Does this call kfd_dbg_trap_deactivate multiple times on retry? Is that 
a problem?

Regards,
   Felix

> +
> +		if (!p->is_runtime_retry)
> +			kfd_dbg_ev_raise(KFD_EC_MASK(EC_PROCESS_RUNTIME),
> +					p, NULL, 0, false, NULL, 0);
> +
> +		mutex_unlock(&p->mutex);
> +		ret = down_interruptible(&p->runtime_enable_sema);
> +		mutex_lock(&p->mutex);
> +
> +		p->is_runtime_retry = !!ret;
> +		if (ret)
> +			return ret;
> +	}
> +
> +	if (was_enabled && p->runtime_info.ttmp_setup) {
> +		for (i = 0; i < p->n_pdds; i++) {
> +			struct kfd_process_device *pdd = p->pdds[i];
> +
> +			if (!kfd_dbg_is_rlc_restore_supported(pdd->dev))

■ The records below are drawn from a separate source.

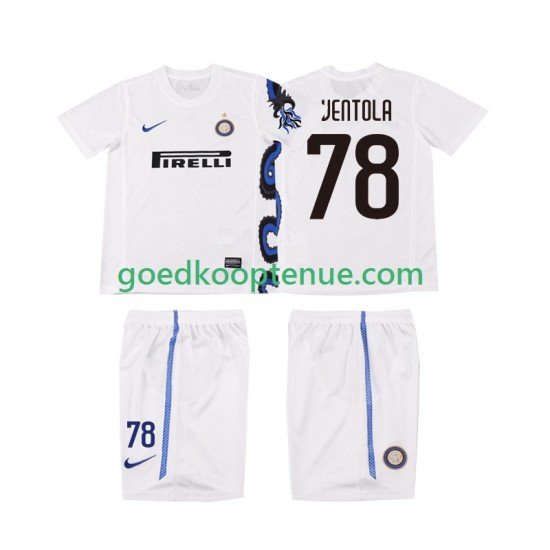 Uit Retro Tenue van Inter Milan VENTOLA 78 Kind 2-13 jaar 2011 2010 Korte Mouw Uit Retro Tenue van Inter Milan VENTOLA 78 Kind 2-13 jaar 2011 2010 Korte Mouw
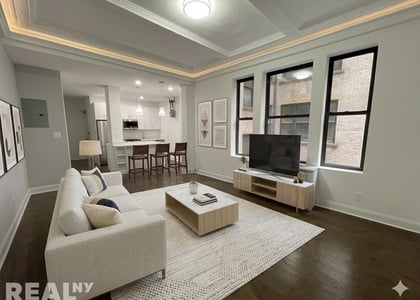 200 West 58th Street - Photo 1
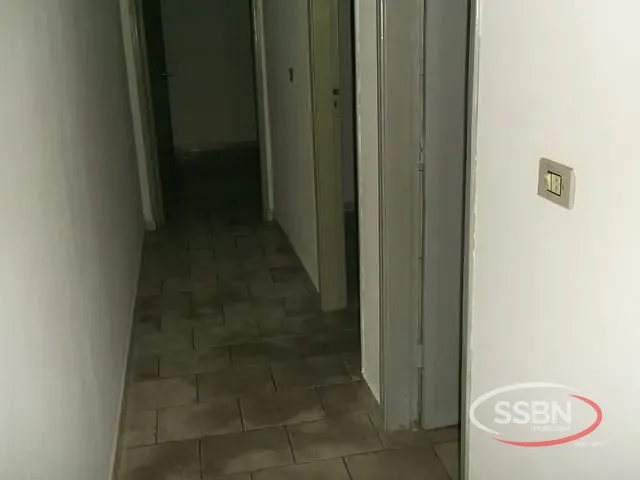 Casa 2 quartos e 1 banheiro, para alugar, no bairro Parque Residencial Klavin em Nova Odessa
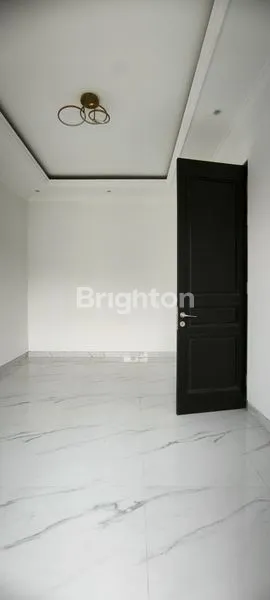 image JARANG ADA  ARAYA. LOKASI CIAMIK. NEW HOUSE . JALAN BOULEVARD 2 M AN. HOOK (3)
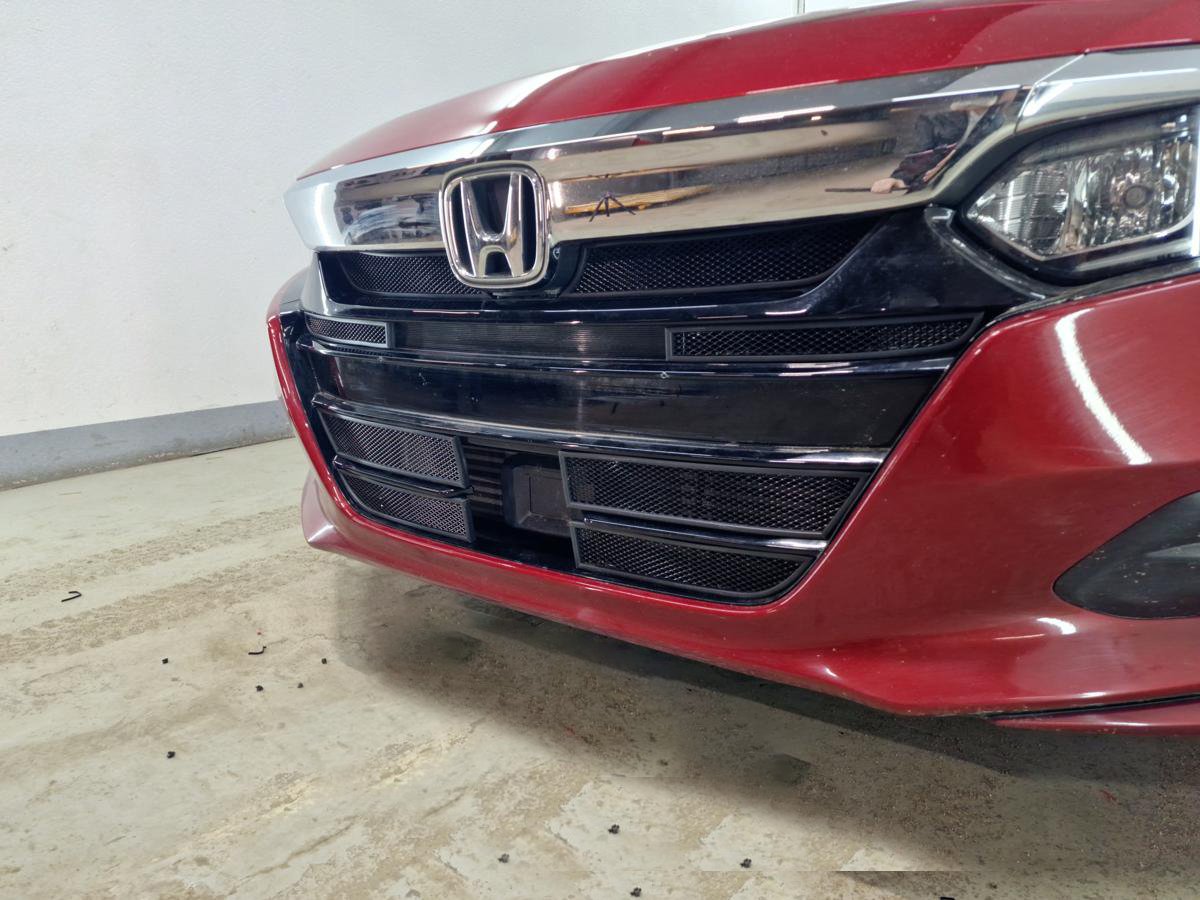 Защитная сетка радиатора низ 4 части для Honda Accord X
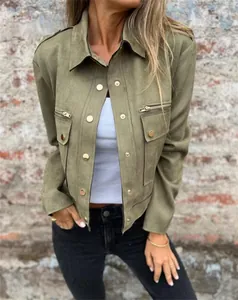 Detailansicht einer olivgrünen Wildlederjacke mit Metallreißverschlüssen und Goldknöpfen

> +				amdgpu_gfx_off_ctrl(pdd->dev->adev, true);
> +		}
> +	}
> +
> +	p->runtime_info.ttmp_setup = false;
> +
> +	/* disable DISPATCH_PTR save */
> +	for (i = 0; i < p->n_pdds; i++) {
> +		struct kfd_process_device *pdd = p->pdds[i];
> +
> +		if (kfd_dbg_is_per_vmid_supported(pdd->dev)) {
> +			pdd->spi_dbg_override =
> +					pdd->dev->kfd2kgd->disable_debug_trap(
> +					pdd->dev->adev,
> +					false,
> +					pdd->dev->vm_info.last_vmid_kfd);
> +
> +			if (!pdd->dev->shared_resources.enable_mes)
> +				debug_refresh_runlist(pdd->dev->dqm);
> +			else
> +				kfd_dbg_set_mes_debug_mode(pdd);
> +		}
> +	}
> +
>   	return 0;
>   }
>   
> +static int kfd_ioctl_runtime_enable(struct file *filep, struct kfd_process *p, void *data)
> +{
> +	struct kfd_ioctl_runtime_enable_args *args = data;
> +	int r;
> +
> +	mutex_lock(&p->mutex);
> +
> +	if (args->mode_mask & KFD_RUNTIME_ENABLE_MODE_ENABLE_MASK)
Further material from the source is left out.